Ce roman commence comme un conte de fées des frères Grimm. Feyre est la seule à se battre pour la survie de sa famille, entre une mère décédée, un père qui se réfugie derrière l’excuse d’une jambe méchamment cassée par des usuriers pour ne pas avoir à lever le petit doigt, une fille aînée qui dilapide le peu d’argent qu’ils possèdent pour des futilités, dans l’espoir irréaliste de susciter l’attention d’un nobliau, et une cadette gentille à la santé fragile. Non contents de tous se décharger sur la même personne, ils ont le culot de malmener verbalement Feyre sans qui ils seraient déjà morts de faim, et qui pourtant encaisse tout sans broncher. Au cours d’une chasse, cette dernière tombe sur un loup au physique inhabituel et finit par le tuer. C’est alors qu’elle réalise qu’elle vient d’abattre un Fae métamorphe, un Immortel vivant par-delà le Mur séparant le monde de la magie de celui du commun des mortels. En guise de représailles, Tamlin, Grand Seigneur de la Cour du Printemps, arrache Feyre à sa famille pour la séquestrer dans son château. De Cendrillon, on passe ainsi à la Belle et la Bête.

Feyre vit dès lors dans le luxe et l’ostentation, se remet à la peinture et laisse traîner ses oreilles partout, curieuse de comprendre ce que représentent ces mystérieux masques dorés – portés à contrecœur par Tamlin et sa Cour – et la malédiction qui y est rattachée, sur les traces d’une nouvelle guerre imminente entre les Fae et leurs anciens esclaves humains aujourd’hui affranchis. Qui est cette redoutable Amarantha qui semble détenir les réponses à toutes ces questions et fait trembler le monde à elle seule ?

Le pitch m’a assurément donné envie de parcourir ce titre. Les ressemblances avec diverses fables et même un soupçon du fameux Mur de Westeros n’en font pas de prime abord une œuvre fort originale, mais cela fait bien longtemps que cela ne suffit plus à me détourner d’un livre. En refermant la dernière page, j’ignore cependant qu’en penser.

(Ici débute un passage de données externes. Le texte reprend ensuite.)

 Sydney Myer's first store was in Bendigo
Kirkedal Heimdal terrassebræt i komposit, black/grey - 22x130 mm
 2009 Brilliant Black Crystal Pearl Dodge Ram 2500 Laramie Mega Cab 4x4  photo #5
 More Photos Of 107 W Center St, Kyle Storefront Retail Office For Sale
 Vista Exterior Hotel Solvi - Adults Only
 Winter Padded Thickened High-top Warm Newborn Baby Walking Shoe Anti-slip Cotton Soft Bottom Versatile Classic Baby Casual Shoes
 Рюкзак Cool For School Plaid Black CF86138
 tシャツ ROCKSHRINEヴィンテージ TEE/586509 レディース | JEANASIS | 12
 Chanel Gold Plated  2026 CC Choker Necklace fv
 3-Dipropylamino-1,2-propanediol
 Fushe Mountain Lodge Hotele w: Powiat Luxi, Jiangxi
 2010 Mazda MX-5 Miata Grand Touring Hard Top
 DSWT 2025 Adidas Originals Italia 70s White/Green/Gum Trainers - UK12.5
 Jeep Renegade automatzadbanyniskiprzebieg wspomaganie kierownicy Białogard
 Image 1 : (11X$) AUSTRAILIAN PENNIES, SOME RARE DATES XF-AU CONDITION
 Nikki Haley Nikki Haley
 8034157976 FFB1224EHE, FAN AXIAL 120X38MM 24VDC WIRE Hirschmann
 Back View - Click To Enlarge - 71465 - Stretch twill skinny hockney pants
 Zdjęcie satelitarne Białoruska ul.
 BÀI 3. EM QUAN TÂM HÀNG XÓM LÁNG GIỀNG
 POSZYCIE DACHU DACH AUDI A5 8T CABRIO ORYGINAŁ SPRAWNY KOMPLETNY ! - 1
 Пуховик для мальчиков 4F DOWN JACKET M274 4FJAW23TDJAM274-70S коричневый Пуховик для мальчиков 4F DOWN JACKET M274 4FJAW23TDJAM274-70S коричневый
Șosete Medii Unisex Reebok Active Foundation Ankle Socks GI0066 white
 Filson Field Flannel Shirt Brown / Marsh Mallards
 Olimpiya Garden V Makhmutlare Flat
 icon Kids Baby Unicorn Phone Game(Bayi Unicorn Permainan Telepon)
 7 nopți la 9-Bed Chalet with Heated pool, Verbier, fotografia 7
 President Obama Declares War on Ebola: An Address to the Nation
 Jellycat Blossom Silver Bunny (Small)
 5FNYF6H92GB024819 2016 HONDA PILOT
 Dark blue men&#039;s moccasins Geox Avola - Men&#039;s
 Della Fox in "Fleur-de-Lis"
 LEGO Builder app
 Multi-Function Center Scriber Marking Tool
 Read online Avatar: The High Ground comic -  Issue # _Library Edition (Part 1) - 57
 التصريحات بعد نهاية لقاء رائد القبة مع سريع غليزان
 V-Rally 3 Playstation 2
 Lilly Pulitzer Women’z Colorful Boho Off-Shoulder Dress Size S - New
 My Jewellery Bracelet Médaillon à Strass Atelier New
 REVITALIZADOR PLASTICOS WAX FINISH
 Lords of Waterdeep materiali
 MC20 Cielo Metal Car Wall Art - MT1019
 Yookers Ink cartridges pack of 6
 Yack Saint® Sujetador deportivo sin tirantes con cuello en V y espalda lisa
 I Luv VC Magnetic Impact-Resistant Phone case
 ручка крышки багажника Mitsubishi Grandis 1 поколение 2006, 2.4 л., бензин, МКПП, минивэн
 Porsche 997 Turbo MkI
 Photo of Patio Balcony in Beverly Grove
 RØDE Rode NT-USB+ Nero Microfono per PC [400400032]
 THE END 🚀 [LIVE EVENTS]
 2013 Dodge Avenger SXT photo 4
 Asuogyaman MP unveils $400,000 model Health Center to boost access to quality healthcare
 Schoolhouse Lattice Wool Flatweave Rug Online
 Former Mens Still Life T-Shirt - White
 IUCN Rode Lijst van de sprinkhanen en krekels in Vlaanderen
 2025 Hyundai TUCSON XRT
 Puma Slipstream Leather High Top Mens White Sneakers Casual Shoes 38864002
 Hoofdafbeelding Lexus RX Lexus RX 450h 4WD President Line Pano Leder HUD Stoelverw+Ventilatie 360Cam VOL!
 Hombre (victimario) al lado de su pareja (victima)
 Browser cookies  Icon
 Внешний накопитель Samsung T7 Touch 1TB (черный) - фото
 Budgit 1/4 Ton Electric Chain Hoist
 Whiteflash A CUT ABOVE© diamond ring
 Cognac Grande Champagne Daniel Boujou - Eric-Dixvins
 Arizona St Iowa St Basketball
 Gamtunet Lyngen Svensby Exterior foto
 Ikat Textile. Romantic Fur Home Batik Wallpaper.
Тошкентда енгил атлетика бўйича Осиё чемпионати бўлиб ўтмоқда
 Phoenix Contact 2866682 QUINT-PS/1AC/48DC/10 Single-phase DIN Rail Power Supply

L’héroïne Feyre n’est pas forcément des plus logiques et brillantes. Elle quitte un environnement hautement toxique pour s’en languir ensuivant. Qu’elle veuille renouer avec sa liberté, c’est tout à fait compréhensible, mais pourquoi insister pour retourner vivre aux côtés de cette famille qui la brimait et l’exploitait ? D’autant plus que Tamlin a usé de sa magie pour qu’ils ne manquent de rien en son absence… De même, une fois de retour dans le monde des mortels, elle est incapable d’en profiter, n’aspirant qu’à retourner auprès des Fae alors qu’elle se plaignait d’eux à longueur de temps quand elle y était. On nous la vend comme une héroïne forte et courageuse, alors que ses choix ne sont pas réfléchis. Pour son chevalier servant, elle se précipite dans des pièges mortels de son propre gré, sans plan ni équipement adapté, et semble s’étonner de vite perdre l’avantage, si tant est qu’elle en ait jamais eu un. Quand il s’agit d’agir pour elle-même, en revanche, elle part dans la direction opposée, se laisse malmener presque sans rien dire, autant par les siens que par les hommes, allant jusqu’à leur fournir des excuses pour atténuer leurs torts. Car oui, quand des Faes s’amusent à la mordre, la lécher, l’embrasser de force, la droguer pour l’exhiber comme un trophée et lui faire oublier toute résistance, on plonge sans cesse dans des agressions sexuelles en l’absence de tout consentement. L’univers s’apparente à de la medieval fantasy, on se doute bien que tout ne sera pas rose, le souci résidant dans le fait que l’autrice voudrait nous vendre ces scènes malaisantes pour de l’amour et du romantisme haut de gamme. On en revient au débat selon lequel – si Grey des « Cinquances Nuances » n’était pas si beau et si riche – on le qualifierait volontiers de prédateur. C’est un point qui fait très mal au vu de mes valeurs féministes.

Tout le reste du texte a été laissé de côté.